A closer inspection of the latter n = 21 products showed that the “intelligent” functionalities of the three items offered in the darknet were far away from ready-to-use social bots: two were “tutorials for creating chat bots” (n = 2) and one offered random (i.e., not very credible) Instagram comments. In the clearnet, offering the creation of content (i.e., comments) was more frequent, though still very seldom (n = 18). Most offered comments for Instagram and YouTube (n = 11), however, there was also one “auto poster” for Facebook groups, one WhatsApp “spam and traffic injurer,” and two tweet bots. As the Twitter bots were tagged as “spammers,” their intelligence, however, seems questionable. The last two commodities referred to instructional material, promising to “teach spamming.” Roughly, 10% of all commodities (12% in the darknet, 9% in the clearnet) promised only access to compromised, herded, or faked user-accounts that could later be used within a manipulation scenario by either humans or social bots.
The vast majority (51%) of commodities, however, addressed criminal purposes not directly related to manipulation as discussed in the context of social bots (e.g., spreading Trojans, exploiting SQL vulnerabilities, or conducting DDoS attacks).
Free Online Code Sharing Platforms
Data Acquisition
We used the Alexa global usage statistics to identify the five most relevant collaboration platforms. The Alexa rank is a metric, which can be taken to evaluate the importance of a website. 7 The metric combines calculations of internal homepage traffic such as page callings, and their development over time. Since the collaboration platforms are structured differently, it was infeasible to establish a common and comparable procedure for searching specific bot programs. The largest platform, GitHub, offers a detailed search engine where explicit search criteria can be applied on different repository fields. Similar to GitHub, GitLab also offers an API. We selected the search terms as generic as possible. Concretely, we combined the name of each Social Platform with the term (bot) through a logical AND operator. For GitHub, GitLab, and Bitbucket a unique crawler was programmed that automatically gathered the repositories’ information for all search term combinations. While GitHub and GitLab explicitly provide an external API for searching, Bitbucket is not easily accessible. Therefore, we utilized a web scraping framework for collecting the relevant information. The remaining platforms, SourceForge and Launchpad, were manually queried through the provided web interface because of the low number of matching repositories for those platforms.
To allow for time efficient crawling and to avoid noise in the data set due to temporal developments during data collection, we specified the following limitations to our gathering process: First, we did not download the actual files (source code) of the repositories, since our analysis is mainly based on metadata. Second, we dismissed the history of individual commits (code contributions) on all repositories. Although these data may provide interesting insights, the amount of potential additional API requests would have been significantly increased. Instead, we limit our analysis to the first and last contributions. Due to the heterogeneous structure of the collaboration platforms, we defined a common intermediate schema for data representation (see Supplementary Figure S11). Although some platforms consist of meta-data (e.g., location attribute on GitHub) that are not present on other sources, we include these additional information sources in our analysis. This especially holds for the GitHub platform which contains more than 90% of all repositories.
Data Description
The data of N = 45,018 different code-repositories was gathered from the top five collaboration platforms (Table 2). The database consists of projects created during an entire decade (April 2008 to June 2019). The largest number of repositories was provided by GitHub (43,026), followed by GitLab (1,606), and Bitbucket (386). GitHub clearly dominated the stage. Its competitors, namely GitLab and Bitbucket, hosted only a small fraction of the total number of bot repositories (4%), therefore we considered them as niche platforms.
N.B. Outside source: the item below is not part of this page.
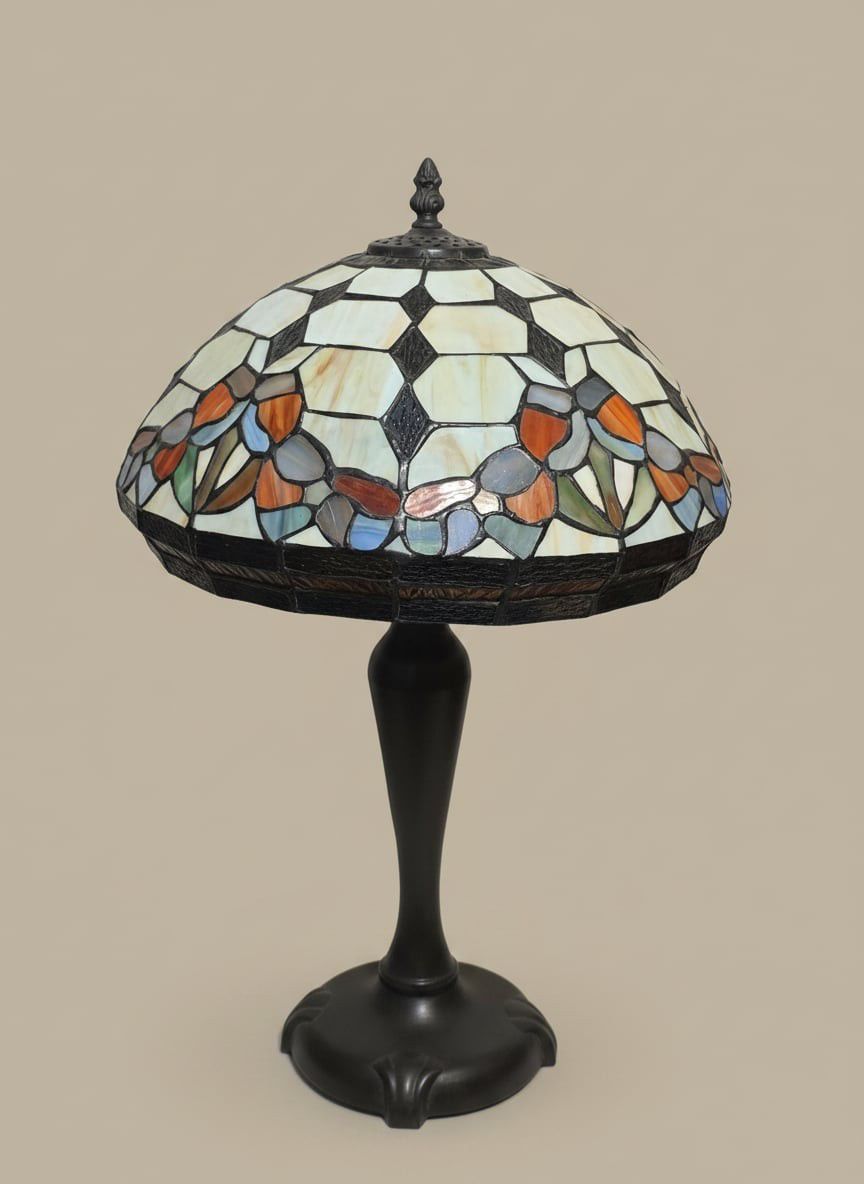 Tiffany Style Stained Glass Table Lamp - Floral Motif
Top Five Code Repository Hosting Platforms.
Targeted Social Media Platforms
Across all collaboration platforms, we observed a similar distribution regarding frequency of social bot repositories targeting specific social media platforms. Most bot code was produced for Telegram (52%), followed by Twitter (24.5%), Facebook (9%), Reddit (9%), and Instagram (2%). 8
At first sight, this is a surprising result since Telegram is not considered as one of the big social media players and the platform only exists since 2013. A detailed inspection of the creation date for Telegram-oriented repositories revealed that until 2015 the platform did not receive a lot of attention. This changed in June and July 2015, when a significant increase in the number of related projects can be observed. We directly explain this sudden increase by the fact that Telegram officially launched its open bot platform, on 24 June 2015, making it easy for programmers to create automated bot programs through an external API. The reverse effect can be observed for the number of newly created Twitter bot repositories in summer 2018, see Figure 1. Twitter revised the registration process for developer accounts multiple times, by making it successively more complicated to register new applications. While these new restrictions impede the development of new large-scale social bot networks, they also limit the development of sophisticated detection mechanisms which utilize forensic analyses on large amounts of data.

Number of newly created repositories per week.
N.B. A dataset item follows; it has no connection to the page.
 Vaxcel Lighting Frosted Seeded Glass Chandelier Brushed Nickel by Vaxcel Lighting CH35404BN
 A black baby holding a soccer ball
Across all platforms, we observed a positive Spearman rank correlation between the number of repositories found for a specific social platform and the corresponding level of API support (ρ = .75). 9 All of the mentioned examples emphasize the crucial role of technological affordances for the availability of tools for automation, showing how platform decisions affect the availability and spread of social bots on individual platforms. From an even broader perspective and with respect to addressed social media platforms, we can observe that social bot code availability on open collaboration platforms is contrary to the respective availability on commodities provided in online market places of the clear- and darknet (see Figure 2). This suggests that the level of technical accessibility of social media platforms directly determined whether social bot services were predominantly offered as open software or paid service.
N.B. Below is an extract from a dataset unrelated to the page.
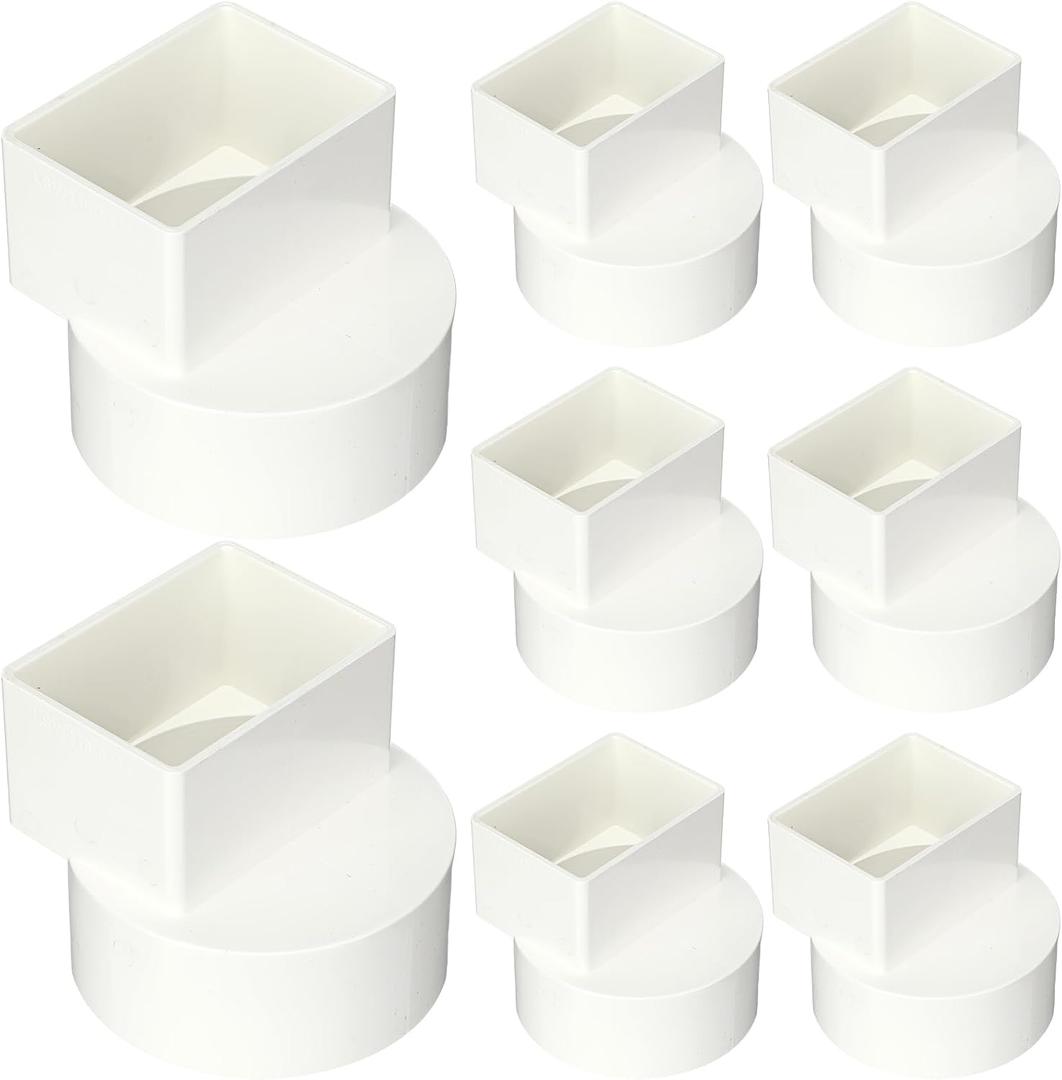 Sosation 8 Pcs 2"x3"x4" PVC Offset Downspout Drainage Adapter, Connects 2" X3" Downspout to 4" Round Sewer and Drain Pipe, Hub/spigot End, Universal Design to Fit All Types of 4" Round Drain Pipe Tile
Relative share of bot commodities for the clear/darknet and collaboration platforms.
The APIs of the platforms can be accessed by different programming languages. The most common programming language over all platforms is Python, although JavaScript is also frequently utilized. This is most plausible as Facebook explicitly provides a JavaScript Toolkit. In addition, JavaScript is used for accessing the web interface of platforms with restricted APIs (e.g., Instagram).
In 2016, Kollanyi (2016) investigated the geographical origin of Twitter bot repositories. We build on this approach and present an updated version of the contributor distribution in Figure 3. In line with Kollanyi’s work, the majority of the Twitter-related repositories originated from the United States. Our updated version reveals that the United Kingdom caught up to Japan and followed the United States by providing the second largest number of bot-related repositories. In addition to the analysis conducted by Kollanyi, we can directly compare the geographical distribution of repositories for all major social media platforms. Therein, we observed some inherent dissimilarities; while Russia did not play an important role in the context of Twitter bots, most of the Telegram bot code owners were from that country, which is presumably due to the popularity of Telegram within the Russian population (Karasz, 2018). For WhatsApp-related bot development, India was the main geographical origin of repositories, as this medium was an important information source and networking platform in that region. Overall, we might infer that the regional social media diet is reflected in the geo-spatial distribution of repositories (Raina et al., 2018).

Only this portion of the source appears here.